Data for this task
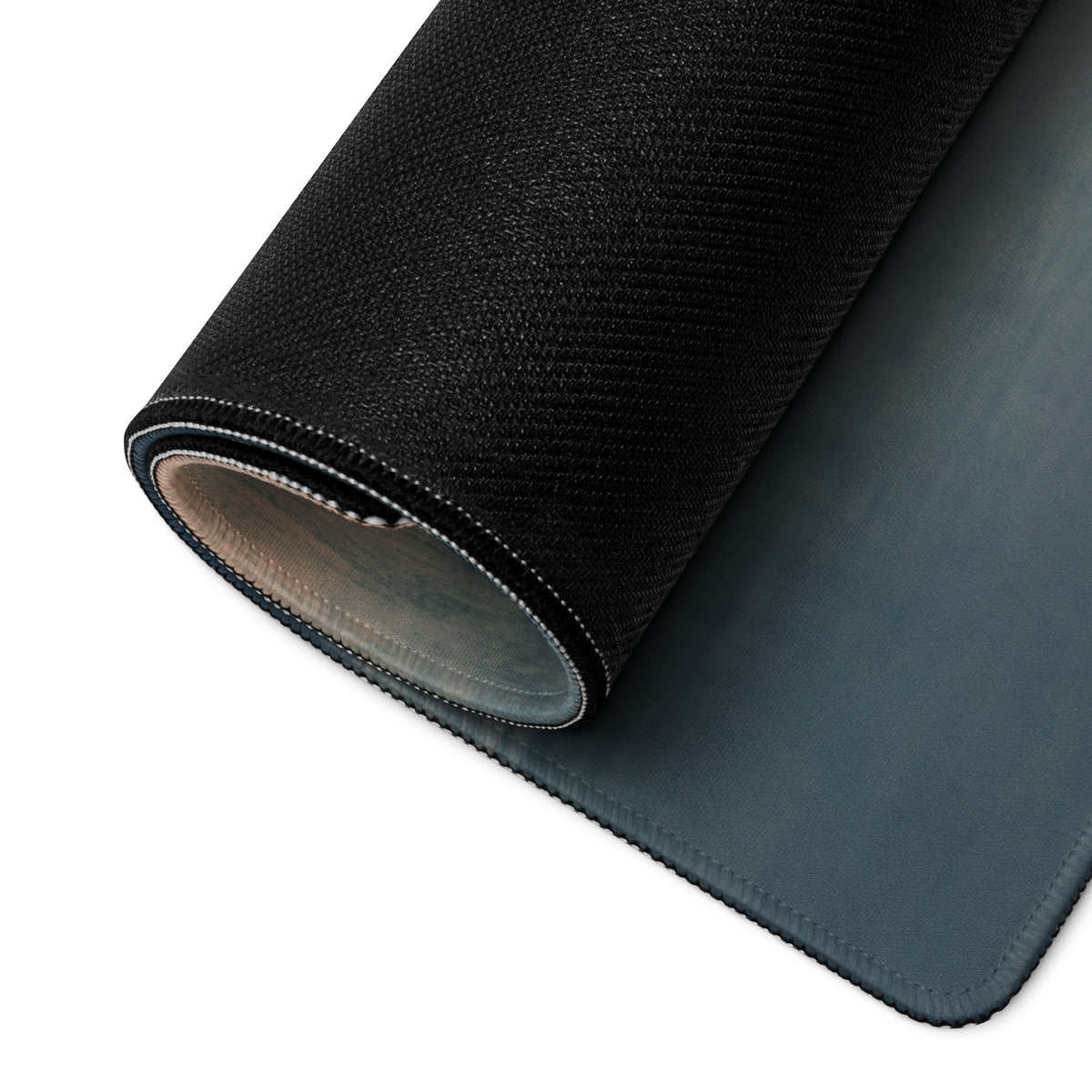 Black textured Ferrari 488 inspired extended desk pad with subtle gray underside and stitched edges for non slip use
---
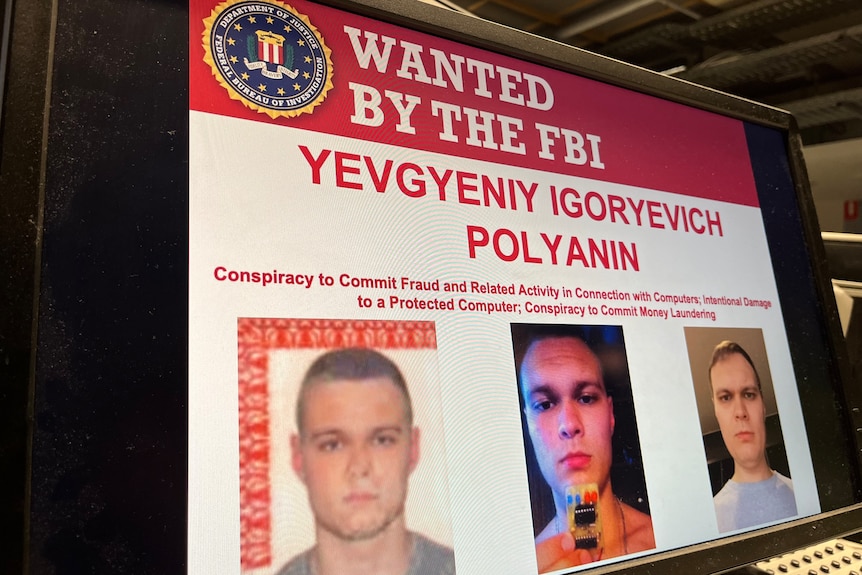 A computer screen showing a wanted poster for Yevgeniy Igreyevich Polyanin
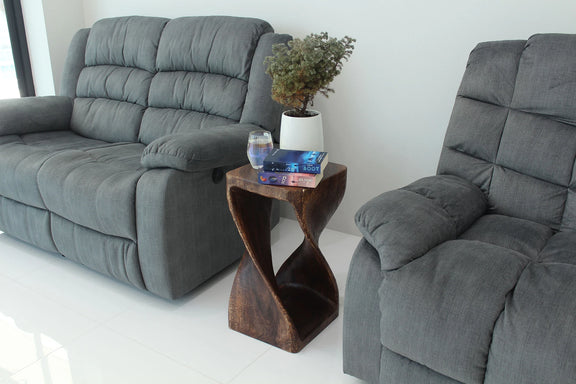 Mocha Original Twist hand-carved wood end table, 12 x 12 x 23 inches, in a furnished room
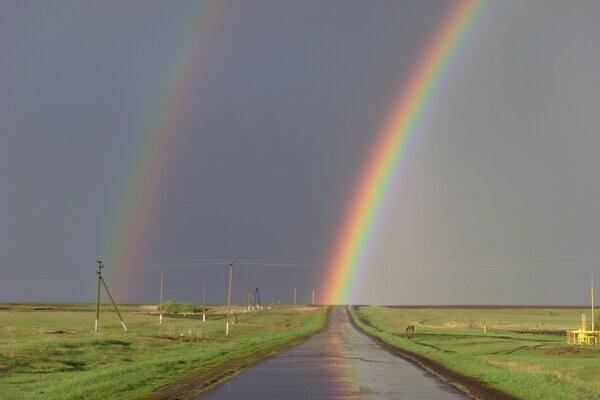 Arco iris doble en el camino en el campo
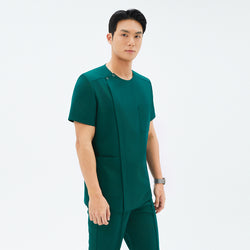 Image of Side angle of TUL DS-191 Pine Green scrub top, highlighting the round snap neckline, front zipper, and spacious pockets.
--
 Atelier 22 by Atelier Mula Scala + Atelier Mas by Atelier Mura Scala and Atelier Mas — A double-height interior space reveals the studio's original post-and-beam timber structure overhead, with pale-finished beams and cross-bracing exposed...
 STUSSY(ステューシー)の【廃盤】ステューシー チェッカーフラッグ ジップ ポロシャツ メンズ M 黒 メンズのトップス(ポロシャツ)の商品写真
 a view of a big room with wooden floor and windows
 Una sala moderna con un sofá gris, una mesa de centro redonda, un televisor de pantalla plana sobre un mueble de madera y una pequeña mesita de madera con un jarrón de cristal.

Requirement
Quote word for word only the lines above from the one containing "Arco iris doble en el camino en el campo" through the one containing "Image of Side". Pictures stay out of your copy.

Response below
 Arco iris doble en el camino en el campo
 Image of Side angle of TUL DS-191 Pine Green scrub top, highlighting the round snap neckline, front zipper, and spacious pockets.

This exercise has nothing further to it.